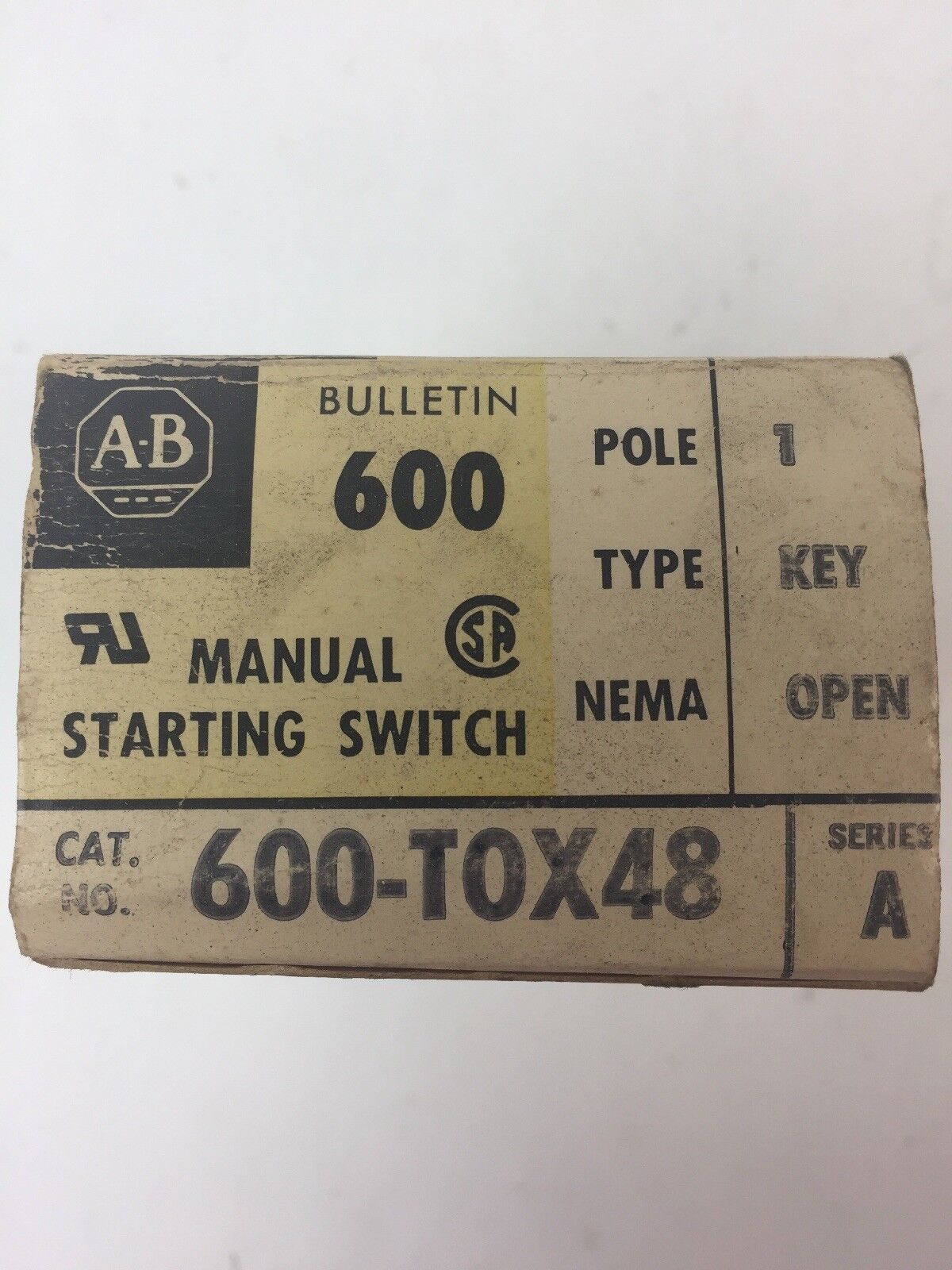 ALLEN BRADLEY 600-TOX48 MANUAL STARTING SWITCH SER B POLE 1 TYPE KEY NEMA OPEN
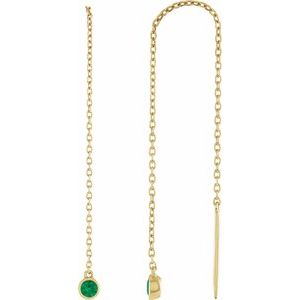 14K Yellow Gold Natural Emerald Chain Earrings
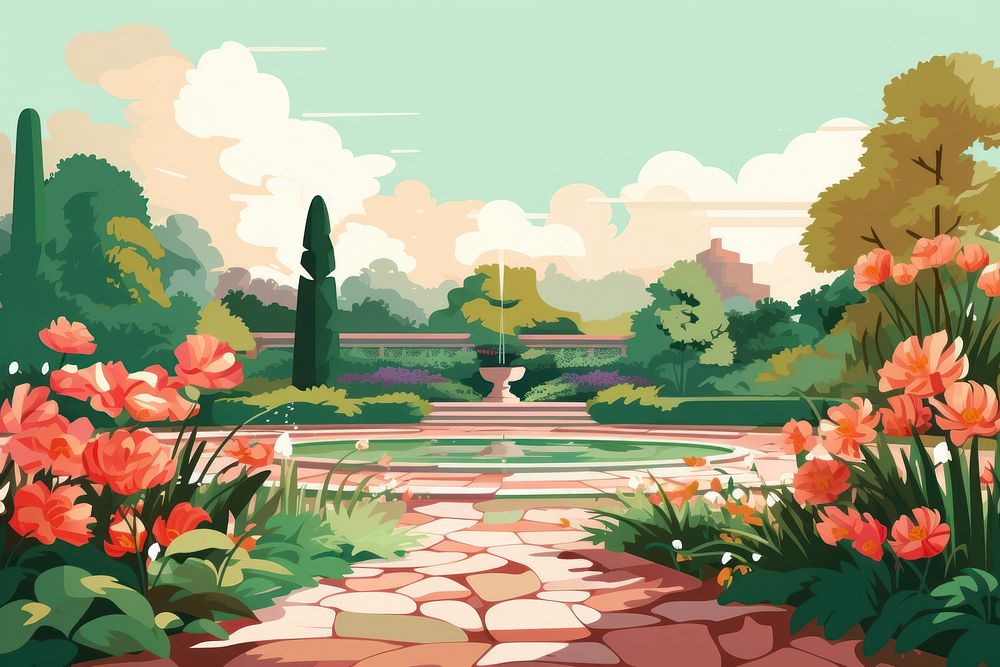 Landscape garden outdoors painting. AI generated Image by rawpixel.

● YOUR TASK
Before you return the listing exactly, strip out its pictures.

● ANSWER SECTION
 ALLEN BRADLEY 600-TOX48 MANUAL STARTING SWITCH SER B POLE 1 TYPE KEY NEMA OPEN
 14K Yellow Gold Natural Emerald Chain Earrings
 Landscape garden outdoors painting. AI generated Image by rawpixel.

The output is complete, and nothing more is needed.